Archive for the 'korea' Category

Incheon

April 04th, 2009 | Category: korea

On our last day in Korea, we checked out of the hotel at 9.00am.  We didn’t need to check in for our flights until 3.00pm.  Six hours were left then, to explore Korea.  We handed over our bags at the left luggage store at Incheon International Airport.  We said that we’d be back round two o’clock (later, looking at the receipt, it seemed that had been understood as we’d be away for two hours – luckily everything was still there when we got back). 
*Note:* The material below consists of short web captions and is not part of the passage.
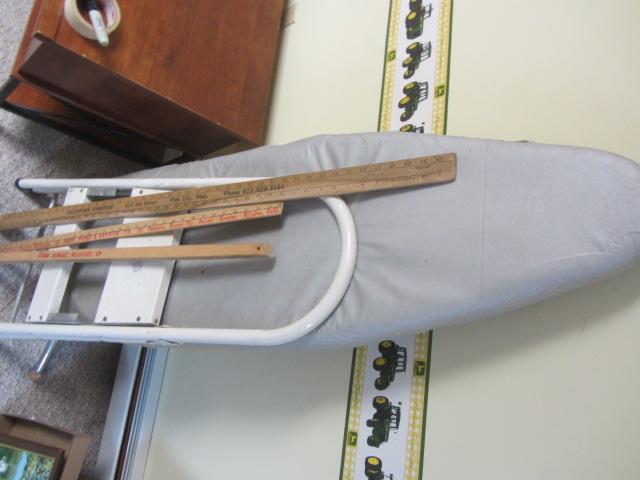lot 248 image: Ironing Board, Step Stools, Yard Sticks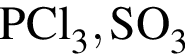 \ChemFormPCl_3, SO_3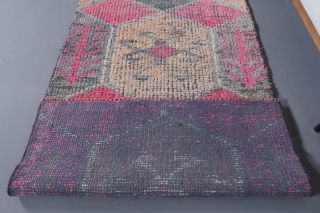 Turkish Vintage Runner Rug - Thumbnail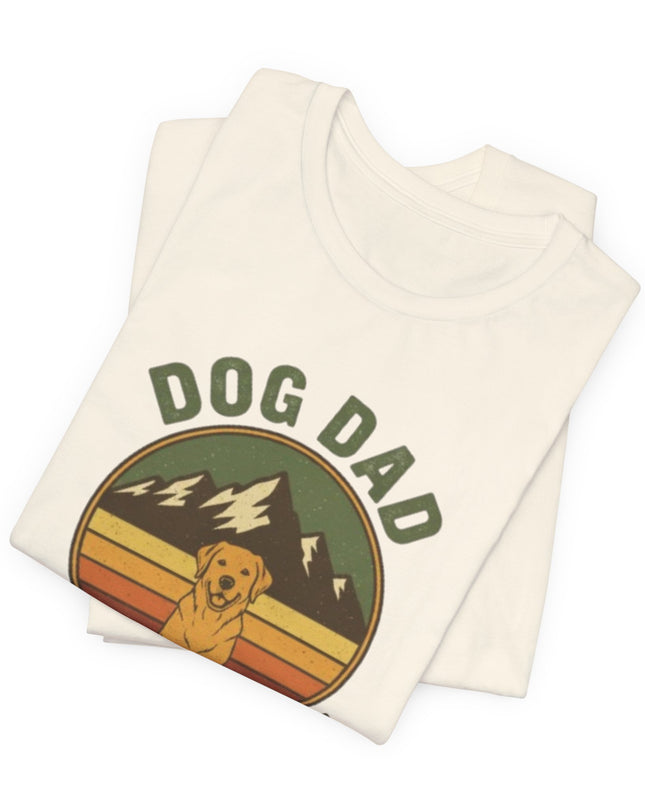 "Dog Dad Adventure Crew" Unisex Jersey Short Sleeve Tee
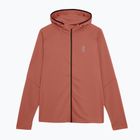 Pánská běžecká mikina On Climate Zip Hoodie auburn
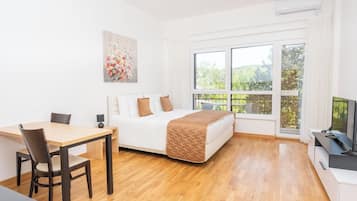 Premium studio | 1 slaapkamer, een kluis op de kamer, geluiddichte muren, beddengoed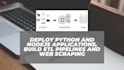 deploy python, nodejs apps on AWS gcp, etl and web scraping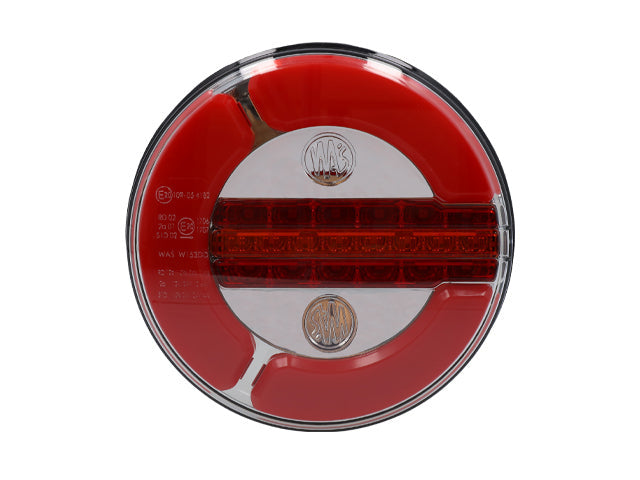LED Tail light WAŚ R/L Ø142x48, 2m Cable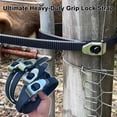 thumbnail image 6 of Ultimate Grip Lock Straps, Reusable Heavy-Duty Grip Ratchet Strap, Adjustable Metal Ratchet Buckle, Connectable Multipurpos Lockable Tie, Super-Strong Flexi Strap Ratchets Tie, 6 of 7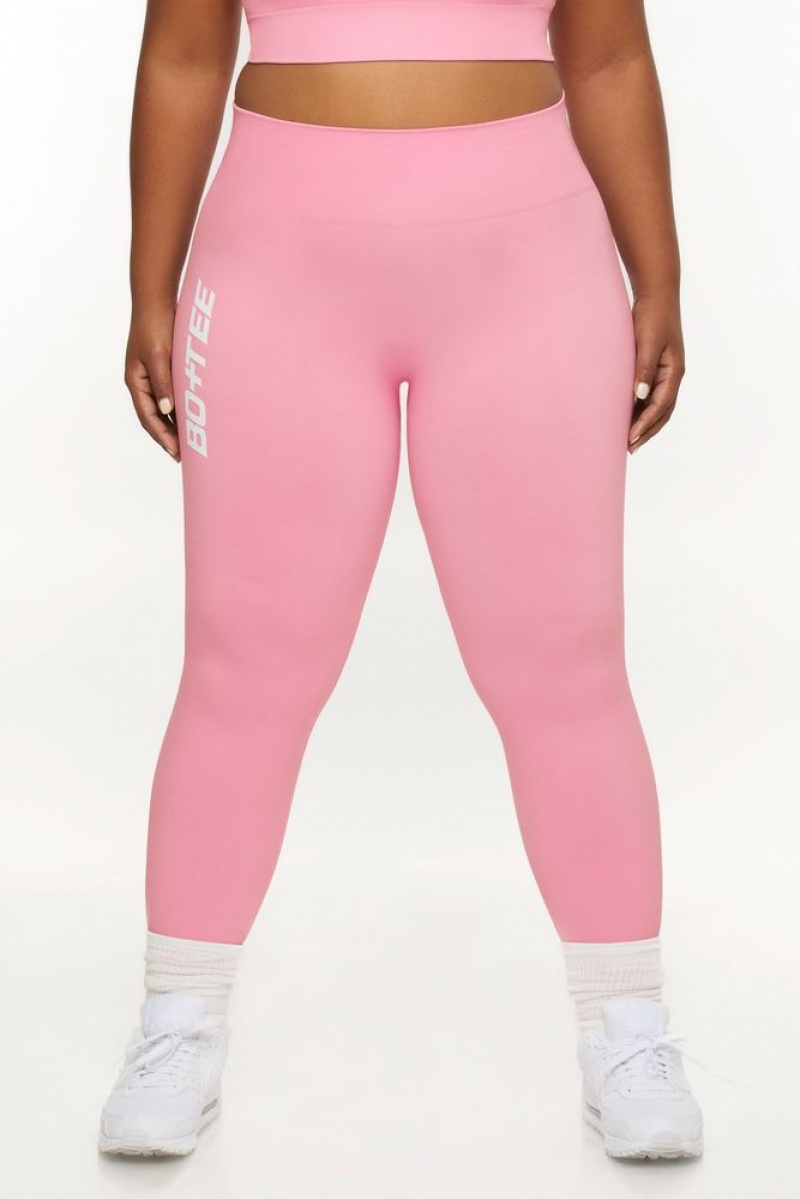 Pink Oh Polly Energy Full Length Seamless Leggings | XKFA-10759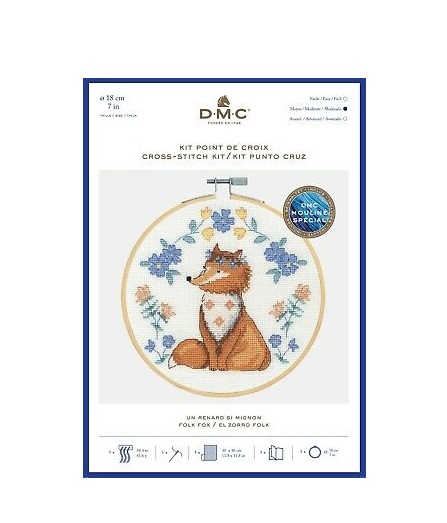 DMC Counted Cross Stitch Kit - Folk Fox
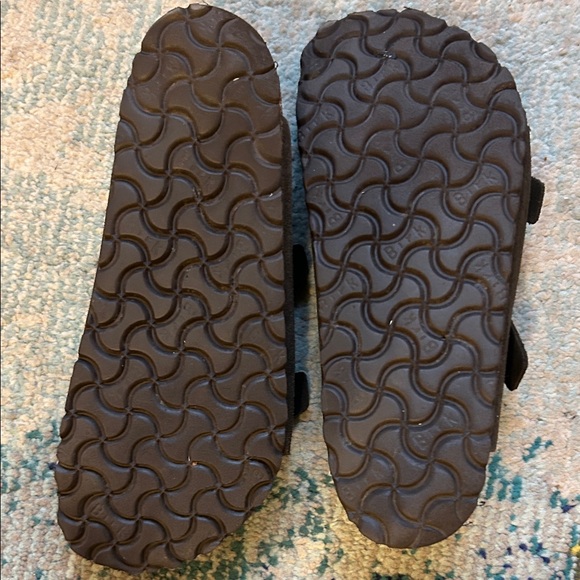 Birkenstock Brown Suede Sandals - Picture 3 of 4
While Incheon may have seemed the logical city for a short visit from Incheon International Airport, it still took three train changes and over an hour and a half to get there.  That said, the Korean public transport system, especially the new A’Rex commuter train to the airport, has to be one of the best that I’ve experienced.  Those A’Rex trains are wide, there are seats reserved for the elderly or disabled that no one else sits on, the stations are clean, new, and suprisingly empty.  And, if you speak English to the ticket agents or use the English version of the ticket machines, you hear ‘thank you’ as you go through the gates rather than the Korean ‘

Incheon is at the end of Subway Line 1.  However, when all the Koreans got off the train at the stop beforehand, I got the feeling that Incheon itself is largely a tourist destination.  Indeed, rather than being a particularly Korean destination, the small bit of Incheon that we saw seemed to pay homage to two other countries: China and America.

We were worried that we wouldn’t be able to find anything.  We didn’t have the Lonely Planet chapter on Incheon, and were only going on what I remembered reading on the internet the night before.  Luckily, the gate to Chinatown was just across the road from the station – and so we walked up the hill through Chinese restaurants and Chinese characters and shops selling lanterns, swords and slippers.

At the top of the hill was Jayu Park, where we could look out over the city and its port.  One of Incheon’s claims to fame is being the place where General MacArthur and his American troops landed during the Korean War.  He’s commorated with a statue in the park, along with another rather large and spiky monument celebrating 100 years of friendship between America and Korea.

On the way back down the hill, we were invited into a Chinese restaurant.  It ended up being our most expensive meal in Korea (though, on conversion, it was probably only about 23 pounds, 47,000 won sounds so much more).  However, it was probably the best Chinese I’d ever had.  Loved the spicy chicken that Matt ordered.  Also loved the Korean plum wine.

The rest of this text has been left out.